David M. Blanchett, head of retirement research for the Morningstar Investment Management Group, feels retirement planning needs a new look.

Blanchett is being honored by the Financial Planning Association for writing the most thought-provoking article for the FPA’s Journal of Financial Planning.

Financial planners often use a model for their clients’ retirement planning that includes a constant dollar amount adjusted each year for inflation. Blanchett has determined through his research that retirees often do not increase spending as much as inflation rises, at least in the beginning and middle retirement years.

He laid out his findings in “Exploring the Retirement Consumption Puzzle” published in The Journal in May 2014.

For his efforts he has been awarded the 2015 Montgomery-Warschauer Award for the article and will be given the award at FPA's 2015 BE (Business and Education) conference in Boston in September. The Montgomery-Warschauer Award honors the paper published in the Journal that provides the most outstanding contribution to better the profession in the preceding year.

The paper’s conclusions have important implications for advisors because advisors may be overestimating how much money retirees need in retirement, Blanchett says.

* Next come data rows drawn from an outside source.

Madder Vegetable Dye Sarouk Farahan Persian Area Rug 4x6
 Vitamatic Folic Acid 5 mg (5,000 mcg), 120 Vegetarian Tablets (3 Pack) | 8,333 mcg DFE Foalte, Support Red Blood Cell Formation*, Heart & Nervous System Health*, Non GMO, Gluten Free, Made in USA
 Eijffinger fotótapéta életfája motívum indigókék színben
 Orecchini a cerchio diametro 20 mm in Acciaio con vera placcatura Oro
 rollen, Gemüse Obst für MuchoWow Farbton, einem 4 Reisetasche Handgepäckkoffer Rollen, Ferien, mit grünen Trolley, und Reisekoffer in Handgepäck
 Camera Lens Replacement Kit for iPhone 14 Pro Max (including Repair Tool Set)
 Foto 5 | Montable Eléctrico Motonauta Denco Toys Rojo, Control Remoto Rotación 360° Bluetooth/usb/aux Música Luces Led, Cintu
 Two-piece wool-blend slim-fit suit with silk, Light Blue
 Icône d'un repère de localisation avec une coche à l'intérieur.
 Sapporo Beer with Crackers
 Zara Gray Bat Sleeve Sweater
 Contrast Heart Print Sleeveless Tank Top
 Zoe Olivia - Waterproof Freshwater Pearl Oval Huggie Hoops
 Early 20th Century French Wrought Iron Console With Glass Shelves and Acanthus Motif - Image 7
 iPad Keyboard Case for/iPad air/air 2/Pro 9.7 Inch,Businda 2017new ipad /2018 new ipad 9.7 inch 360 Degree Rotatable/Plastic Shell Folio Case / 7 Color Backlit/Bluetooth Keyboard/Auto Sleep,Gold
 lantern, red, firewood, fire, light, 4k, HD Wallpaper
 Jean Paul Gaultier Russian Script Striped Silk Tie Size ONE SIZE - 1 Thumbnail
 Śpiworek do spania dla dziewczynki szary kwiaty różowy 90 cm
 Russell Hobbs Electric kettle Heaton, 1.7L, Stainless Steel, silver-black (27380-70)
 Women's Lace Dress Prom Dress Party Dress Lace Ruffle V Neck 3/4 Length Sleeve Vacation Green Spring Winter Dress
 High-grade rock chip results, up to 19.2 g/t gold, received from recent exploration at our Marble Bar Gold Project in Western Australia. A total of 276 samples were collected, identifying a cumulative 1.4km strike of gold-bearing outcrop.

“It may be that many retirement modeling tools are overestimating the cost of retirement. Empirical data on actual retiree spending suggests that retiree consumption does not increase annually by inflation,” says Blanchett in the paper. “While it is difficult to determine whether this real reduction is due to a lack of retirement resources or active choice (or some combination of the two), the ‘retirement consumption puzzle’ appears to be a very real phenomenon.”

“Retirees may be able to spend more, especially early in retirement when they are healthy enough to enjoy it,” Blanchett said in a recent interview. The time when mandated spending may go up is late in retirement when health-care costs escalate. Therefore retirees may be better off planning for more optional spending early in retirement and more spending late in retirement for health care, while planning for less spending in the middle years, he said.

The result plotted on a graph would look like smile, rather than linear spending adjusted for inflation.

In addition, the choice of an annuity for retirement may be affected, he says in the paper. Inflation-adjusted single premium immediate annuities, which hedge both inflation risk and mortality risk, may not be the best choice. Instead, if retiree spending does not increase annually by inflation, it may be that some combination of a nominal annuity and inflation-adjusted annuity would be a more optimal combination of guaranteed income, Blanchett says.